Pour le moment l’heure n’était pas à penser à tous les malheurs à venir où ceux qui m’avaient déjà frappé, j’avais déjà bien à faire avec l’instant présent. J’étais blottie contre mon amie albinos qui me réconfortait avec des caresses sur la tête et par sa simple présence, elle avait quelque chose de rassurant et qui me faisait me sentir bien. Je réussis à me calmer au bout de quelques minutes pour retrouver un calme presque normal, les dernières larmes coulant le long de mes joues, lorsque nous fûmes surprises par le sifflement de la bouilloire qui nous fit sursauter toutes les deux.

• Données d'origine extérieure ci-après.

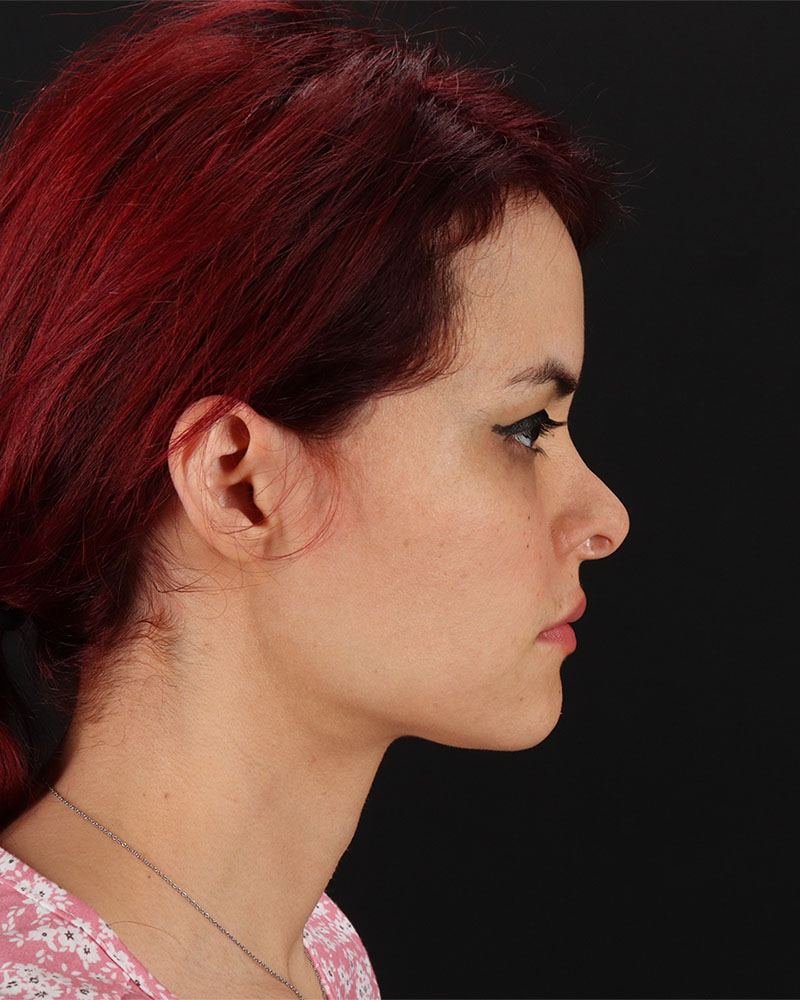 Mini Facelift Before & After Patient #8956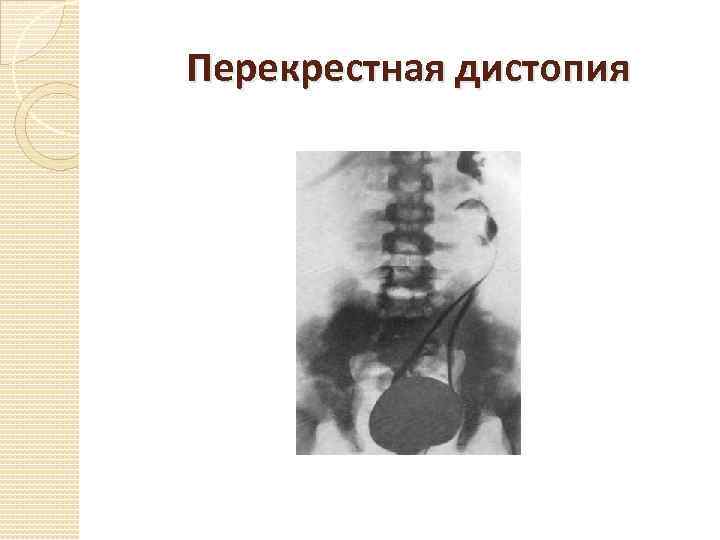 Перекрестная дистопия 
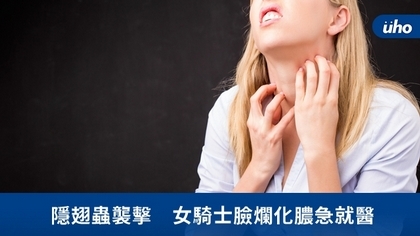 隱翅蟲襲擊 女騎士臉爛化膿急就醫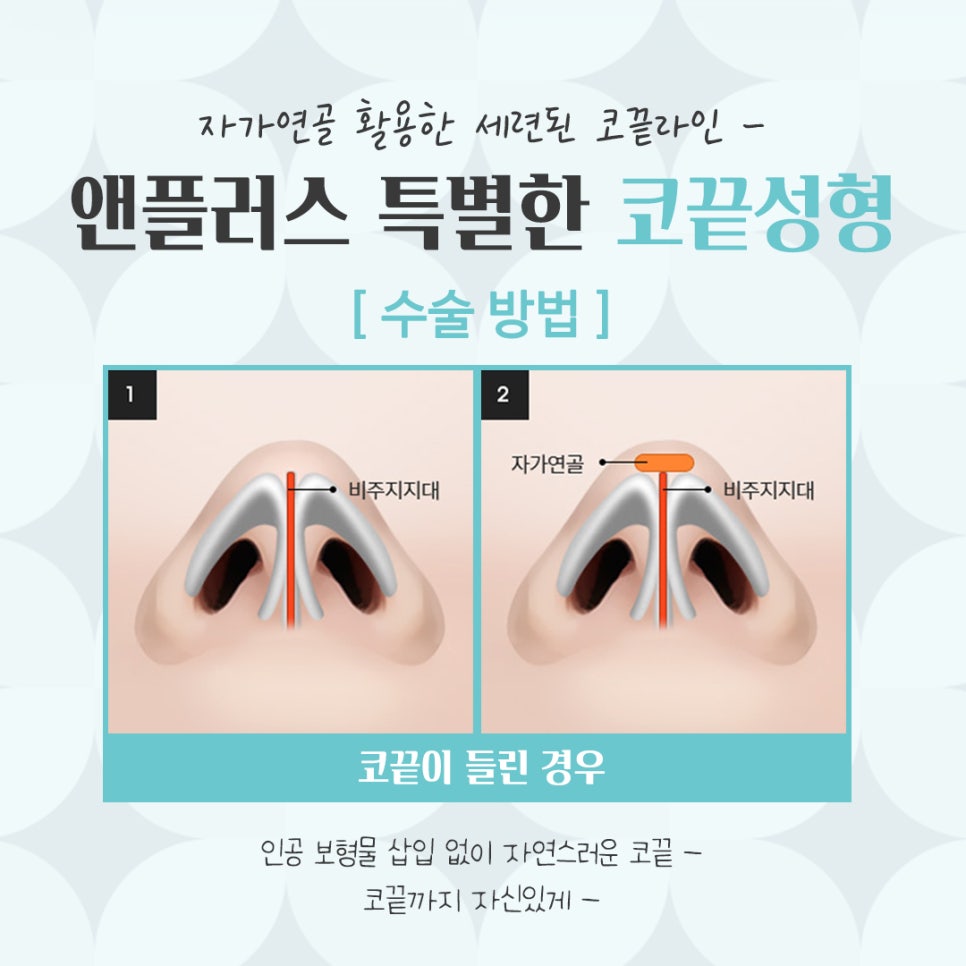 Looking Into Tip Rhinoplasty Reviews and a Natural-Looking Image image 8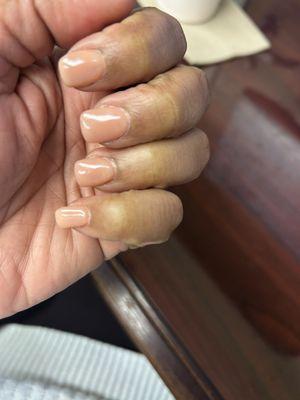 There are small bubbles and lumps under the middle nail and ring finger nails.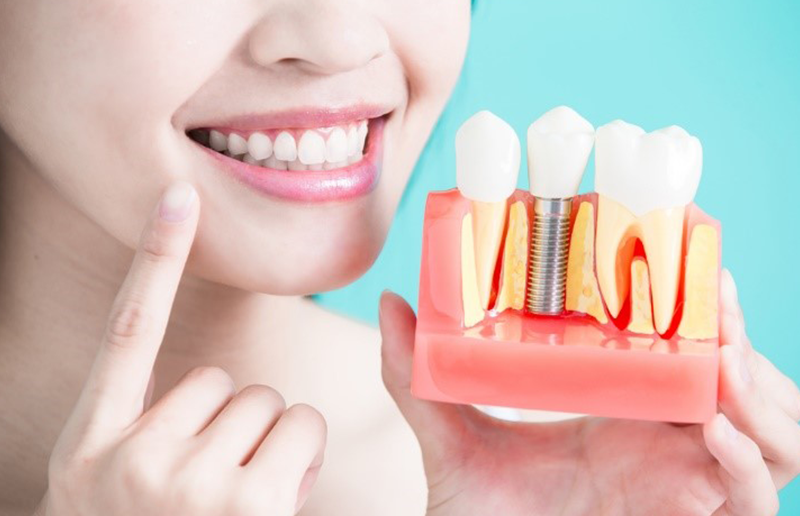 trồng răng implant giá bao nhiêu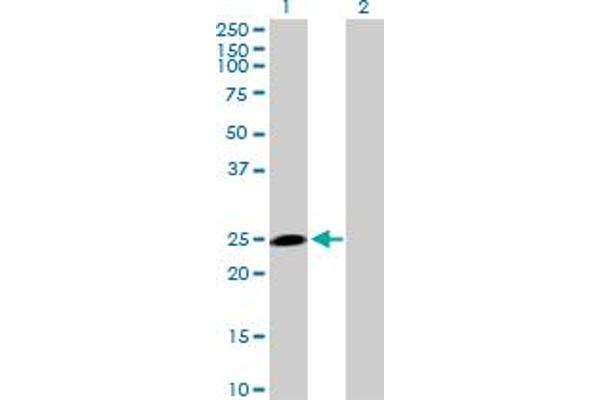 HECTD3 Antikörper  (AA 1-210)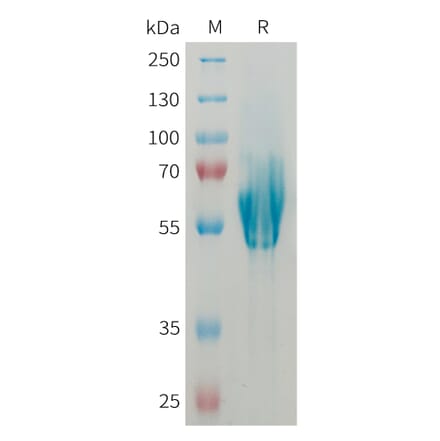 SDS-PAGE - Recombinant Human MAdCAM1 Protein (6xHis Tag) (A325024) - Antibodies.com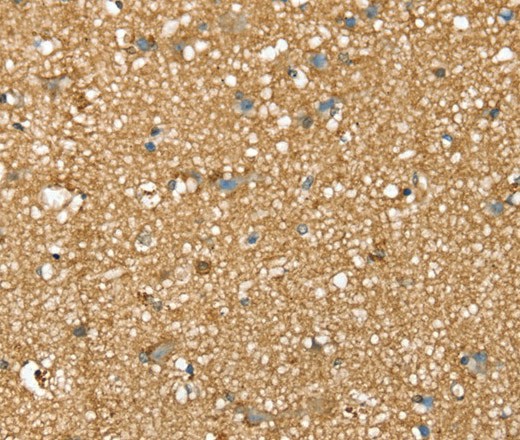 SDC3 Polyclonal Antibody (E-AB-16897)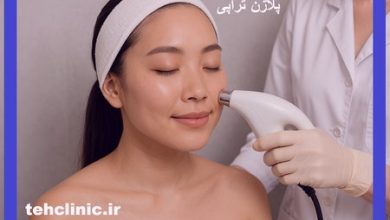 پلاژن تراپی در شرق تهران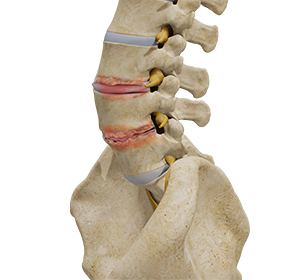 Lumbar Degenerative Disc Disease - Educational Picture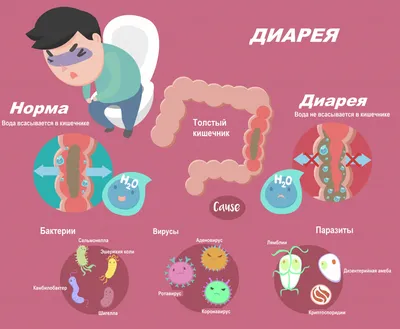 Цвет кала при гепатите фото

Arsen se leva, ne lâchant pas ma main, m’emmenant avec elle après m’avoir essuyé les larmes et rassurée avec une voix douce et chaleureuse. Je lui répondis avec un sourire et un hochement de tête, en terminant de m’essuyer les yeux, telle une enfant qui venait d’avoir un gros chagrin. Elle versa l’eau bouillante dans la théière avant de nous amener près du lit où elle m’assit, comme si j’étais une enfant. J’y ressemblais beaucoup en même temps, je ne lui en voulais pas de se comporter ainsi avec moi du coup, je la laissai donc faire et prit sa tasse de thé en la remerciant d’un sourire chaleureux et d’un petit merci timide. Elle ajouta que le thé n’était pas empoisonné et que je pouvais le boire sans crainte, cette remarque me fit avoir un rire léger.
Je bus en silence une gorgée de thé, il était vraiment bon et avait l’effet apaisant promis par ma compagne, je m’approchai d’elle, collant nos corps l’un contre l’autre, ma main toujours dans la sienne. Je baissai cependant la tête, l’air penaud avant de prendre la parole mêlant timidité et tristesse.
« - Je suis désolée de te faire voir tout ça… Je… J’ai l’habitude d’affronter ça seule, mais… Elle m’a montré des images qui dépassent ce que je peux supporter… Elle m’a montré ce qu’elle te ferait si elle prenait le contrôle de mon corps… c’était trop horrible pour moi… »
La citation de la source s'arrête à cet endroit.